Discarica abusiva sul Tordino a Mosciano Sant’Angelo: sequestrata a febbraio 2016, dopo 18 mesi tutto è rimasto uguale

 
È stata segnalata da alcuni cittadini e da una testata giornalistica on-line (www.giulianovanews.it) una discarica nei pressi del fiume Tordino, nella zona industriale di Mosciano Sant’Angelo alla fine di via del Fiume. Nella discarica sono presenti grossi bidoni blu solitamente utilizzati dalle aziende, lastre di eternit frantumate e rifiuti di vario genere.
Purtroppo niente di nuovo, visto che i nostri lungofiumi sono pieni di aree con rifiuti abbandonati come quella individuata a Mosciano Sant’Angelo. La cosa preoccupante, però, è che la stessa discarica abusiva era già stata segnalata da alcuni ciclisti alla Polizia ecologica provinciale che aveva sottoposto a sequestro l’area nel febbraio del 2016.

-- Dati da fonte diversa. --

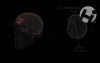 Summary of Brain Injuries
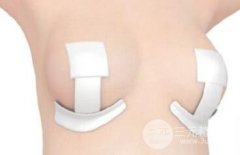 巨乳症缩小术需要尽早做吗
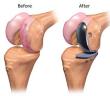 partial-knee-replacement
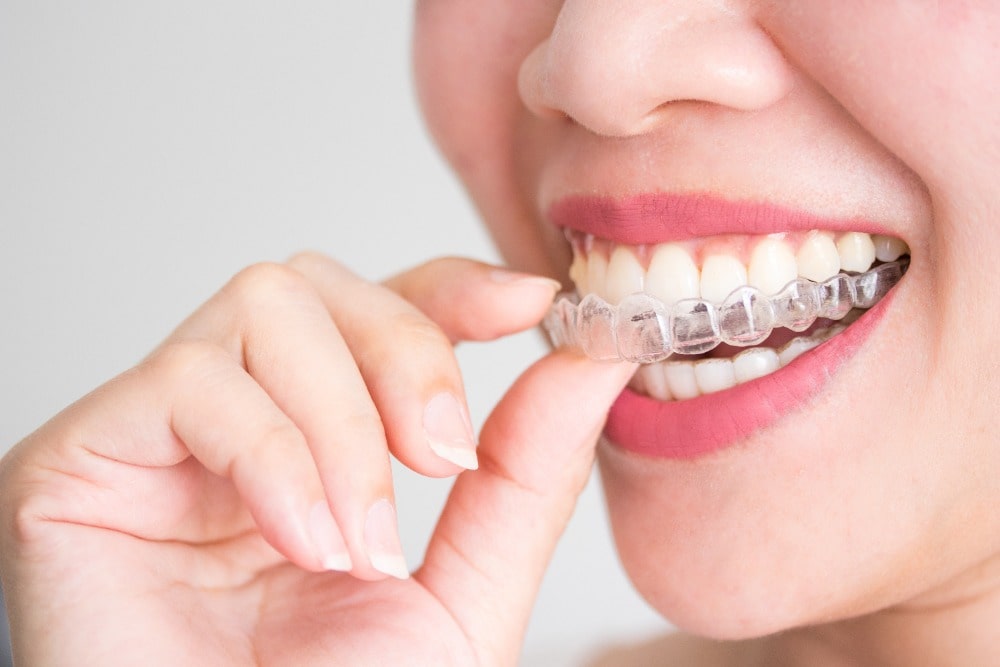 Invisalign Doctor Offer Services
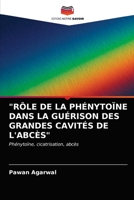 Rôle de la Phénytoïne Dans La Guérison Des Grandes Cavités de l'Abcès 6202730153 Book Cover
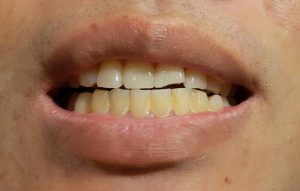 Aparecimento de manchas nos dentes permanentes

Sono quindi passati 18 mesi senza che di fatto sia successo nulla. Anzi, sicuramente, la situazione è peggiorata, considerato che i rifiuti sono rimasti abbandonati per un lungo periodo e che, nelle vicinanze, sembra siano stati scaricati nel frattempo rifiuti edili pericolosi, interrati nelle adiacenze.
Il WWF chiede che si attivi immediatamente la bonifica dell’area e che si adottino misure atte a evitare il ripetersi dell’abbandono di rifiuti nel sito.
La vicenda fa poi sorgere alcune riflessioni:
  1. la presenza di microdiscariche abusive è una costante dei nostri lungofiume, ma è particolarmente grave che un’area sottoposta a sequestro venga poi dimenticata;
  2. il facile accesso a scarpate e corsi d’acqua attraverso strade carrabili aperte più o meno abusivamente rende semplicissimo l’abbandono dei rifiuti in zone frequentate da veri e propri delinquenti che, invece di conferire i rifiuti nei centri autorizzati, li abbandonano all’aperto così da non dover pagare i costi di smaltimento e non dover giustificare la provenienza dei rifiuti stessi;
  3. l’incapacità di arginare fenomeni come l’abbandono dei rifiuti da parte di piccoli delinquenti, apre la strada alle grandi organizzazioni criminali che fanno grandi affari sul traffico e sullo smaltimento illegali di rifiuti. Il non controllo e la mancata repressione dell’abbandono dei rifiuti rende il nostro territorio appetibile a quanti sono intenzionati a determinare situazioni ben più gravi;
  4. alla repressione dei reati deve accompagnarsi anche un’azione di prevenzione. Da questo punto di vista rendere fruibile il lungofiume può essere una soluzione. L’ipotesi di un grande parco fluviale lungo il fiume Tordino con la rinaturalizzazione del corso d’acqua nei tratti più compromessi, la chiusura delle strade abusive sul lungofiume di quelle e la creazione di una pista ciclabile rispettosa dell’ecosistema fluviale che da Teramo arrivi fino alla costa aumenterebbe la corretta fruizione di questi luoghi e renderebbe più difficile l’azione di quanti hanno bisogno di agire lontano da testimoni.